O que valeu a Dilma seus mais de 55 milhões de votos foi tão-somente o aval do presidente Lula. Sua ficha de serviços prestados à nação não seria suficiente para convencer o eleitor: o Programa de Aceleração do Crescimento, que ela coordenou por mais de três anos, não entregou nem metade do que prometeu – isto se forem usados os critérios mais favoráveis ao governo. Alheia a isso, Dilma já prometeu fazer o PAC 2.
O programa “Minha Casa, Minha Vida”, que em abril de 2009 prometeu a construção de 1 milhão de moradias, conseguiu finalizar até agora cerca de 150 mil unidades. Para famílias realmente pobres, com renda de até três salários mínimos – que a presidente eleita diz serem o principal público-alvo de seu governo – tão-somente 1,2% das casas contratadas foram erguidas. Dando de ombros, Dilma diz agora que fará mais 2 milhões de casas e apartamentos.
É fácil ver que a distância entre o que Dilma promete e o que cumpre se mede em milhares de quilômetros, tantos quantos ela acena agora construir em forma de rodovias e ferrovias – incluindo o dispensável, precipitado e caro trem-bala, que custará pelo menos o dobro do que a petista estima investir em obras de transporte público.
Formalmente, a presidente eleita só apresentou à sociedade um anódino e genérico programa de governo. Composto por 13 tópicos, cumpriu muito mais as vezes de um panfleto do que de uma plataforma séria de gestão. Mas, na falta de algo mais definitivo da parte da campanha petista, o jornal O Globo cuidou de compilar as promessas que Dilma disseminou ao longo dos sete meses de campanha: chegou a 190 delas.
O gigantismo e o irrealismo de muitos compromissos assombram. Dilma prometeu fazer mais 500 UPA, mesmo número que Lula disse que faria, mas nem chegou perto de executar (a quantidade exata não está disponível nas informações divulgadas pelo Ministério da Saúde). A lista de promessas na área de saúde tem 21 pontos, algumas bem contraditórias com a prática de governo petista, como a ampliação do Saúde da Família e da produção de genéricos, sistematicamente boicotados pela gestão Lula.
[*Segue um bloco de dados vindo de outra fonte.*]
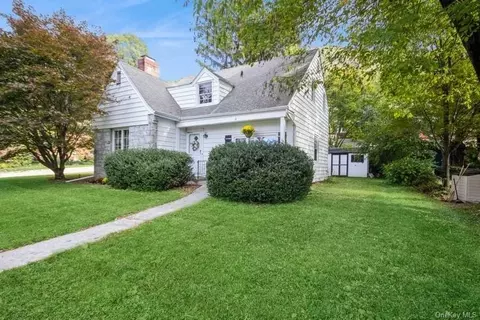 4 Jefferson Ave, Beacon, NY 12508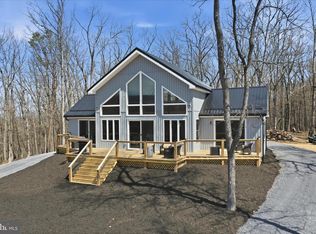 432 Lost Point Ln, Berkeley Springs, WV 25411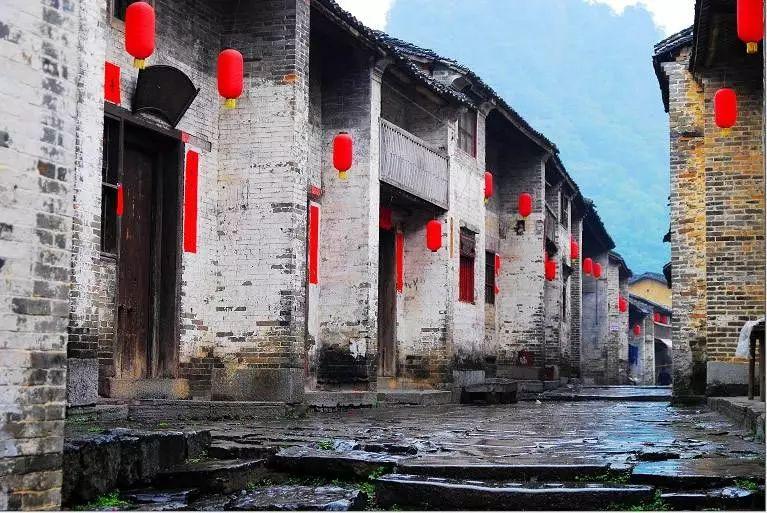 我以前的社保在土旗交的，去年转入呼市，今年又让往回转这是怎么回事？游戏画面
O “promessômetro” de Dilma claramente não para em pé. É cobertor de menos para cama de mais. No que era necessário rigor, ela oferece platitudes, como em relação ao aperfeiçoamento institucional do país. Assim são tratadas as reformas política e tributária. Na Previdência, ela diz que não mexerá, tampouco na política fiscal. É evidente que eram ambas medidas necessárias, mas mais evidente ainda parece ser a indisposição do PT para promover avanços de longo prazo para o desenvolvimento sustentado do país.
A política de irresponsabilidade fiscal que Lula praticou ao longo do seu segundo mandato só conseguiu ir adiante porque a sociedade brasileira continuou sendo espoliada com tributos crescentes. Dilma promete agora reduzir os impostos. Não inova: Lula assumiu idêntico compromisso em 2002, mas a realidade é que a carga tributária global do país passou de 37% para 40,15% do PIB desde então.
Sugere-se ao eleitor que se prepare para cobrar com rigor a consecução do mundo cor-de-rosa choque que Dilma Rousseff e Lula venderam ao longo da mais extensa campanha eleitoral de que se tem notícia. Nestes mais de três anos em que frequentaram juntos palanques ao redor do país, os dois gastaram muito tempo fazendo promessas, mas, esquecidos de governar, fizeram muito pouco para que elas se tornassem realidade.